Peter lives at Coffs Harbour Grange. He loves the chicken splatting game and finds great enjoyment in ‘chasing’ them around the virtual yard. He says using the augmented reality games makes it easier to be away from his loved ones. At Denhams Beach Lorna also finds splatting the chickens highly entertaining. Initially tentative around the technology, Lorna quickly became confident enough to stand on the images projected onto the floor and splat chickens with her feet.

Helene, General Manager at Norah Head says the technology has been a talking point with residents. “Neville uses a wheelchair and has found engaging with the game gives him a task to focus on. He enjoys the autumn leaves app and spends time methodically sweeping up the leaves, rolling across the floor projection in his wheelchair. When he’s done he likes to high five his fellow residents!”

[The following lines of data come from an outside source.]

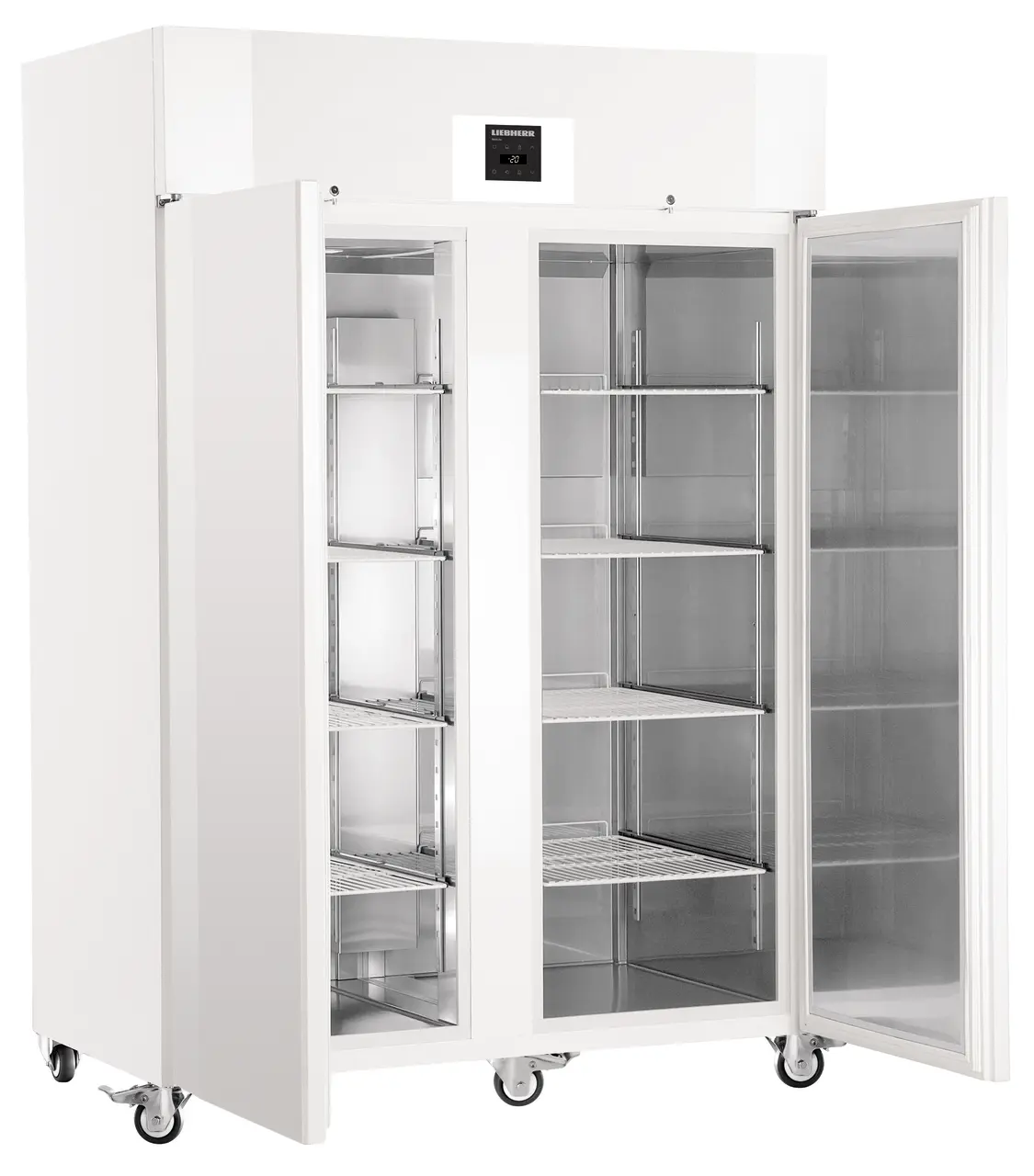 Product image, Perspective: oblique open empty, Lab freezer with Comfort electronic controller, Casing colour: white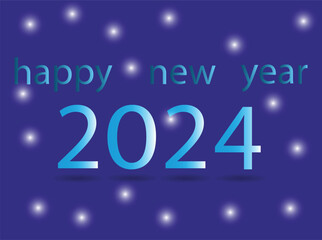 Happy New Year 2024. Original inscription Happy New Year on blue background. EPS10. Vector illustration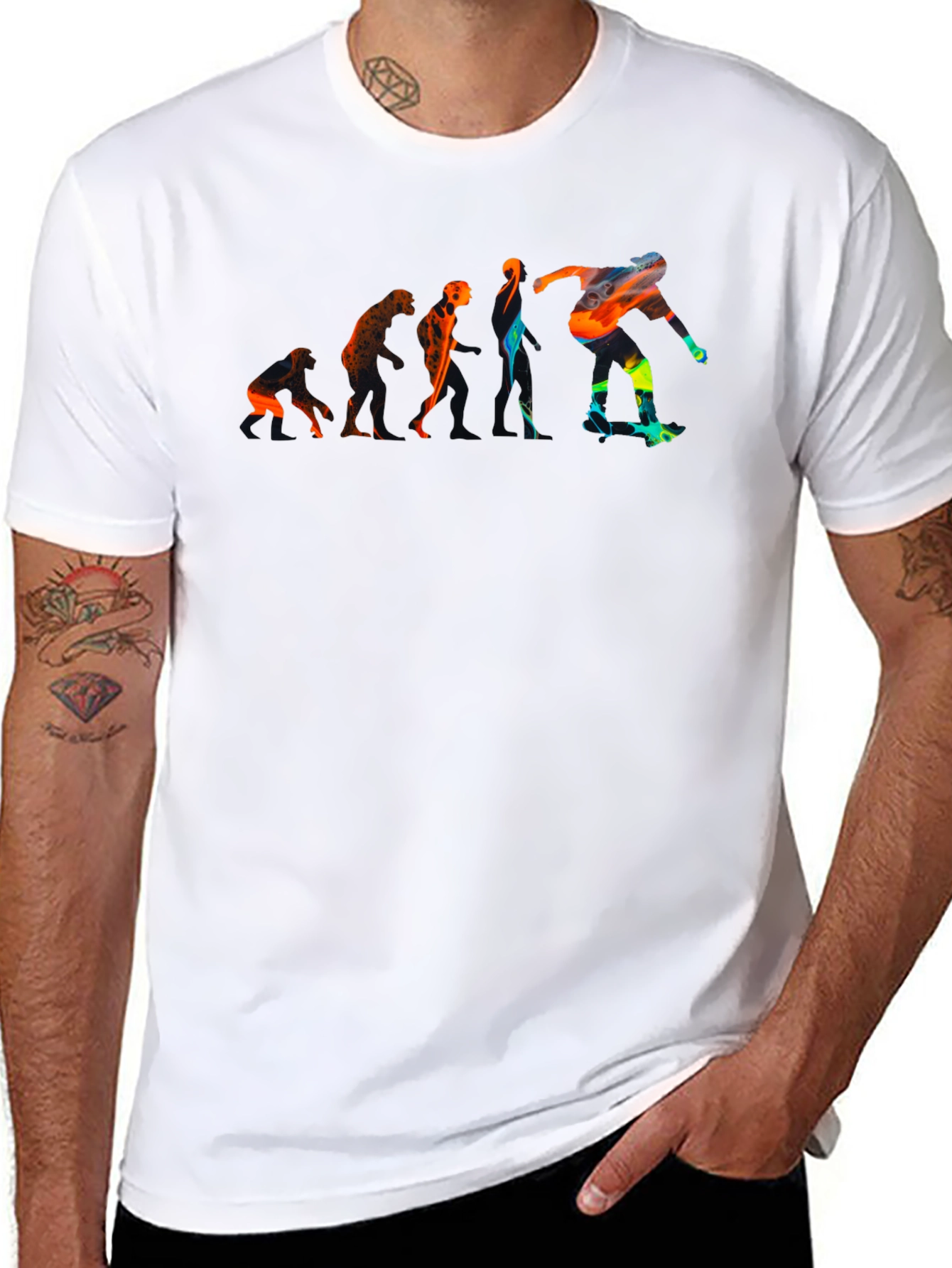 Skater Evolution Graphic Tee - Black Crew Neck T-Shirt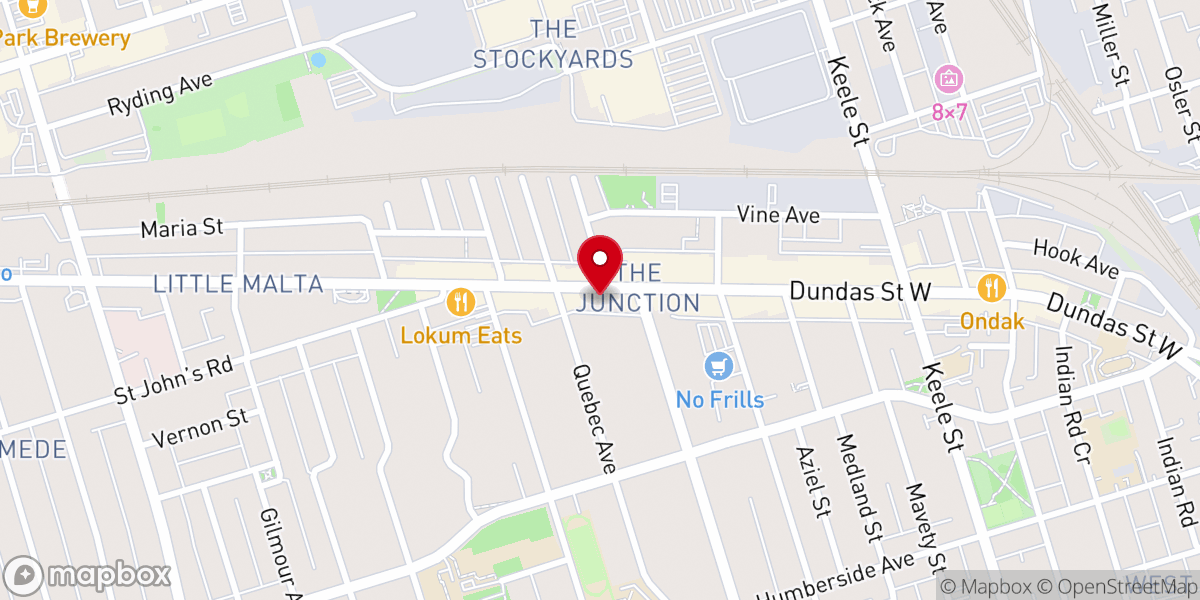 Map showing location of West Toronto Baptist Church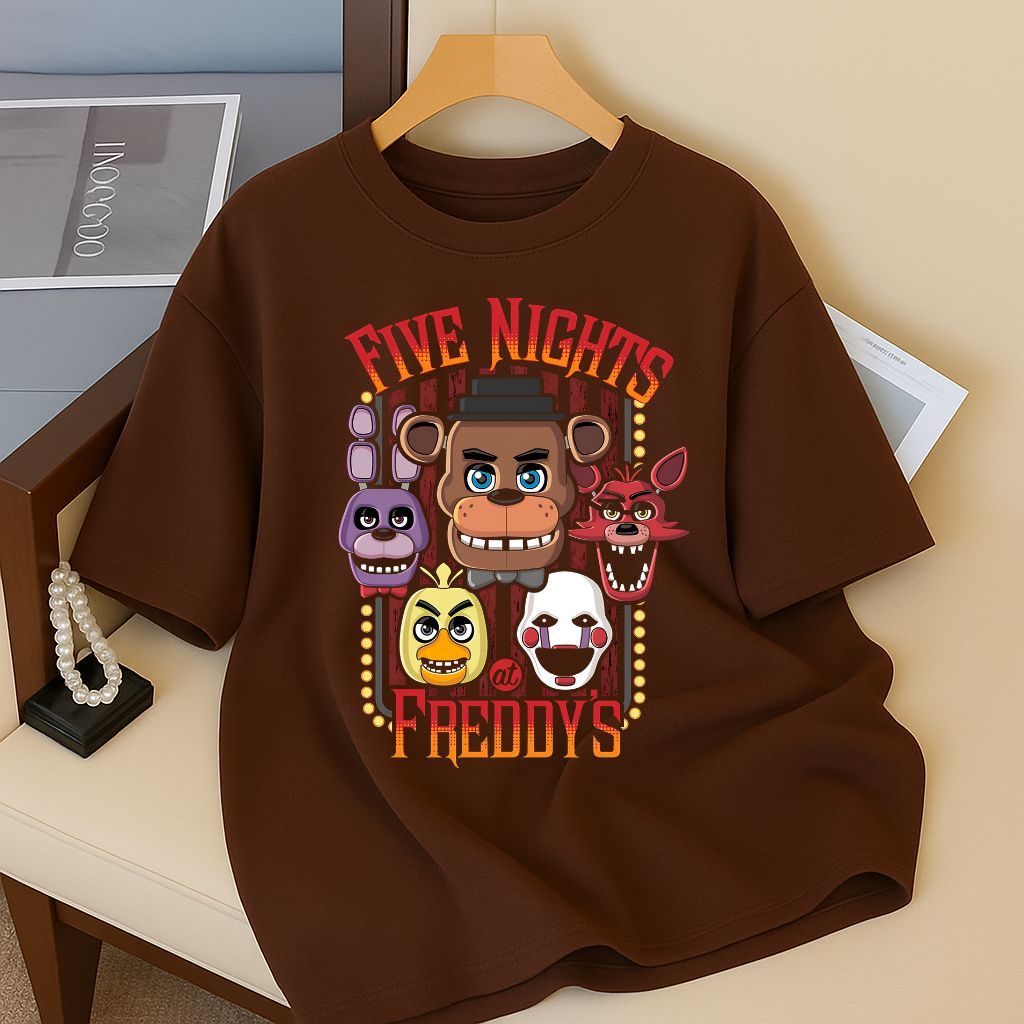 Camiseta 100% Algodão Diversas Cores Estampa Five Nights Freddys Filme Lançamento Promoção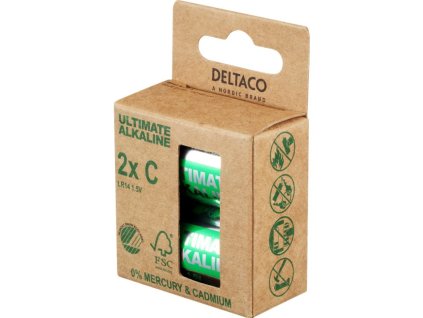 DELTACO ULTIMATE, Batérie alkalické C LR14 2ks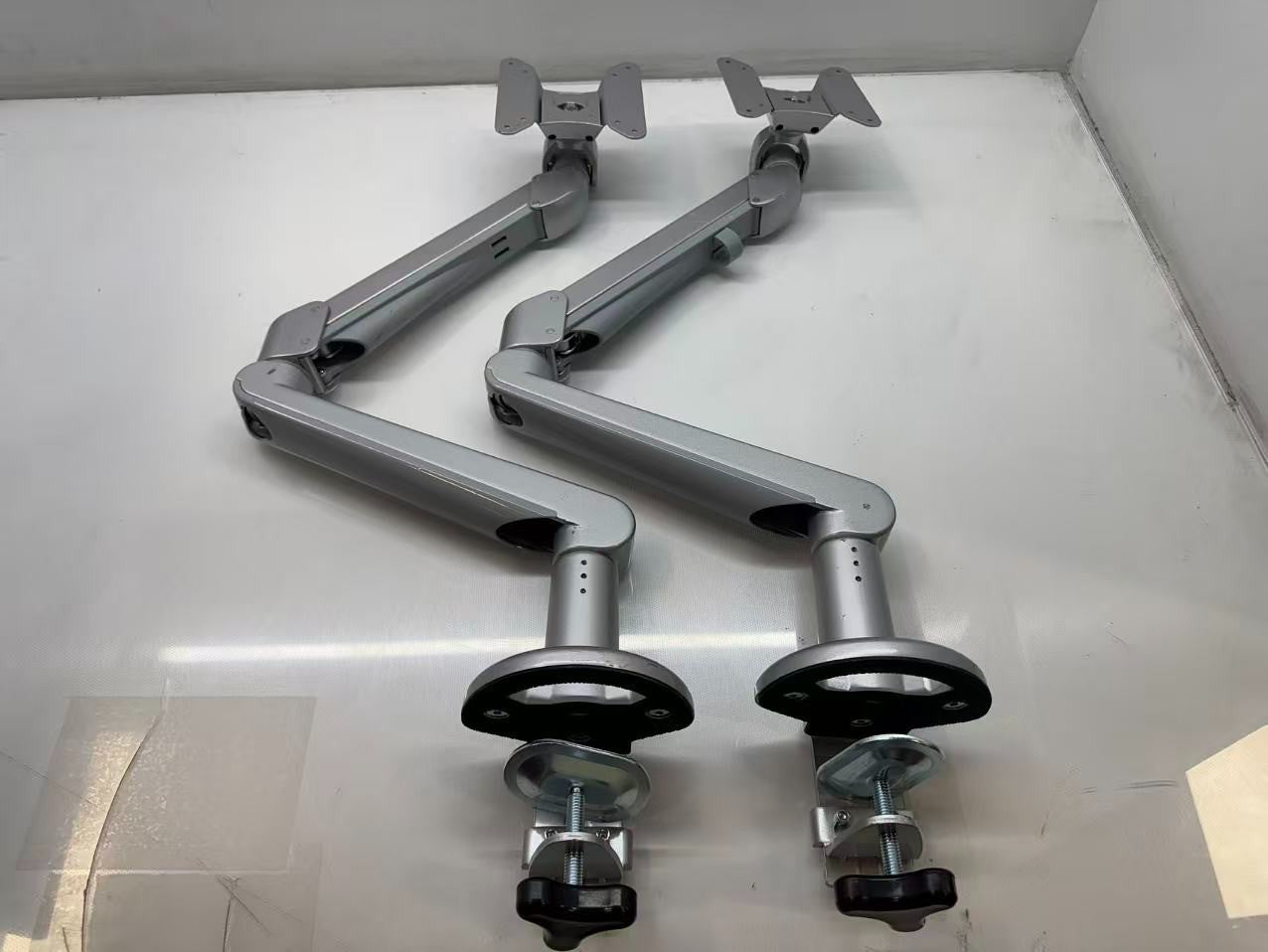 Monitor Desk Mount Stand Arm Screens 2pcs (No Screw) up to 34" -Silver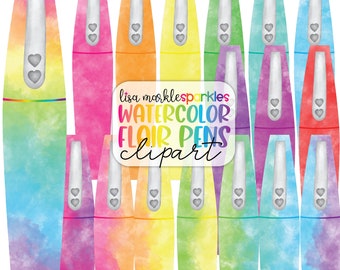 Watercolor Flair Pen Clipart PNG Image Office School Supplies Teacher Stationery Clipart Digital Download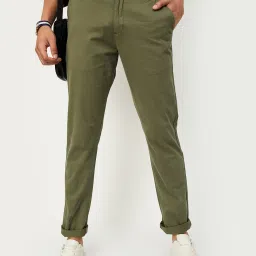 Men Regular Fit Green Cotton Blend Trousers-image-3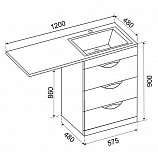 Тумба МИЛЛИ 1200 с 3 ящиками к умывальнику Камила 1200 над стиральной машиной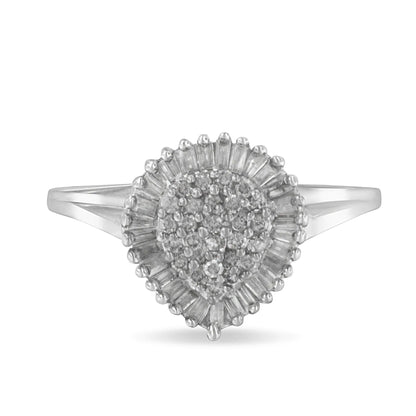10K white gold diamond halo ring with pavé cluster and baguette rays, size 5 on Tampa Home & Garden Store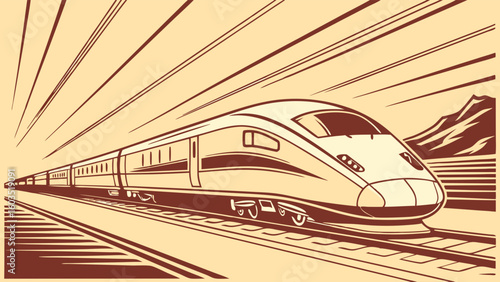HighSpeed Train in Motion Stylized Illustration.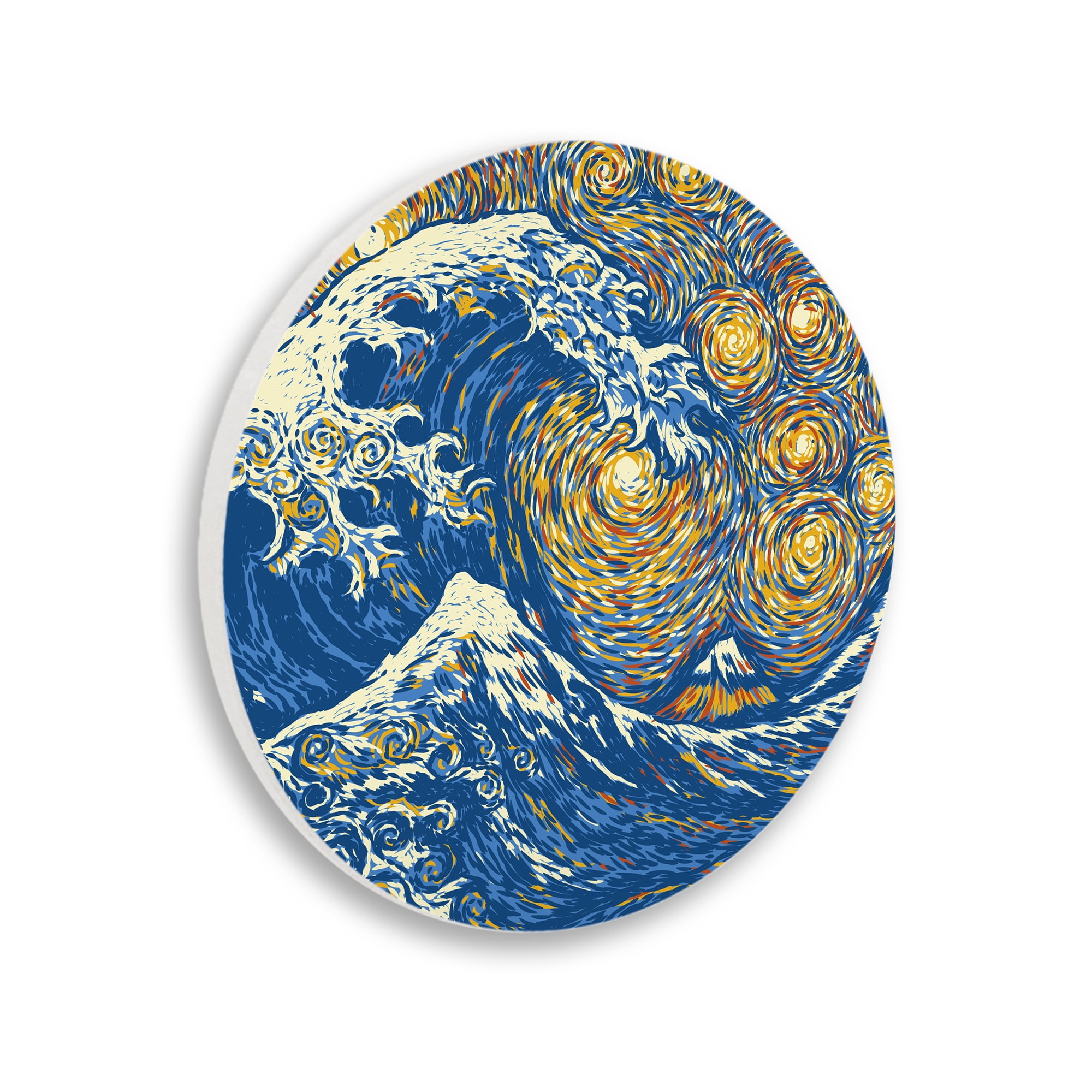 Stupell Industries Starry Impression with Ocean Wave Circular Wall Plaque, design by Tobe Fonseca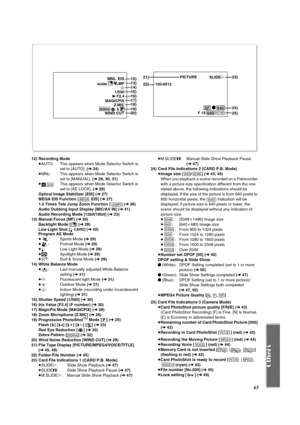 Page 6565
12) Recording Mode
≥AUTO: This appears when Mode Selector Switch is 
set to [AUTO]. (l 24)
≥MNL: This appears when Mode Selector Switch is 
set to [MANUAL]. (l 29, 30, 31)
≥: This appears when Mode Selector Switch is 
set to [AE LOCK]. (l29)
Optical Image Stabilizer [EIS] (l 27)
MEGA EIS Function [  EIS] (l 27)
1.5 Times Tele Jump Zoom Function [ ] (l 26)
Audio Dubbing Input Display [MIC/AV IN] (l 41)
Audio Recording Mode [12bit/16bit] (l 23)
13) Manual Focus [MF] (l 30)
Backlight Mode [ª] (l 28)
Low...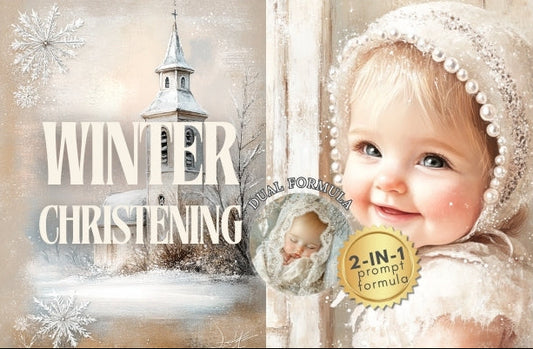 Midjourney V 6.1 Prompts for DUAL Winter Christening Faith Silver Kit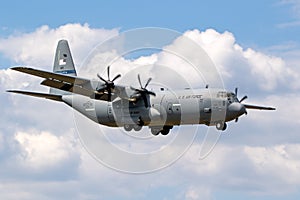 US Air Force Lockheed C-130 Hercules military transport plane from the Texas Air Guard arriving at Wunstorf Air Base. Wunstorf,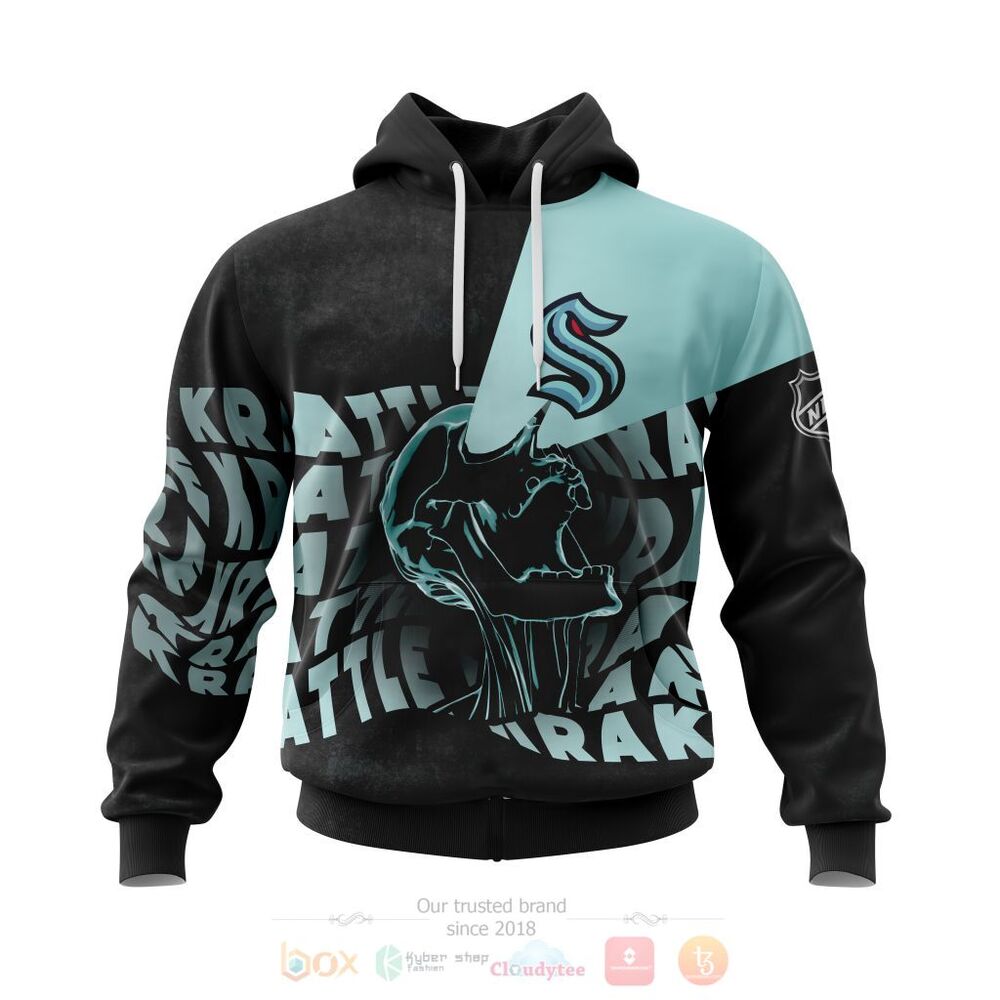 BEST NHL Seattle Kraken Skull Personalized All Over Print 3D Hoodie, Shirt 14 NHL Seattle Kraken Specialized Skull Concepts Personalized 3D Hoodie Shirt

ROMPA encourages group activity and engagement. We have observed an increase in residents socialising together over the games, and team members joining in the fun. An app that is popular with residents living in our Memory Care Neighbourhoods involves virtual autumn leaves falling to the ground. Our team at Denhams Beach recall a heart-warming moment when a resident watching others using the app was handed a broom. Like magic, he instinctively began sweeping the leaves away. It prompted conversations between residents and the team over a shared love for autumn and the sound of leaves crackling underfoot.

With each ROMPA interaction, we learn more about our residents and how technology can support their social and sensory needs. We have found that it promotes physical movement and mental stimulation, helping to improve balance and coordination through cognitive physio exercise where your brain and body work simultaneously. Our residents’ minds work harder, their physical movement often improves and they have an enjoyable platform to engage with others and build friendships.

ROMPA is fun for all ages, and as we begin to welcome children back into our care homes following COVID-19 restrictions, we look forward to enabling shared experiences for our residents and children. For many kids, their grandparents just may be able to teach them some new technology tricks!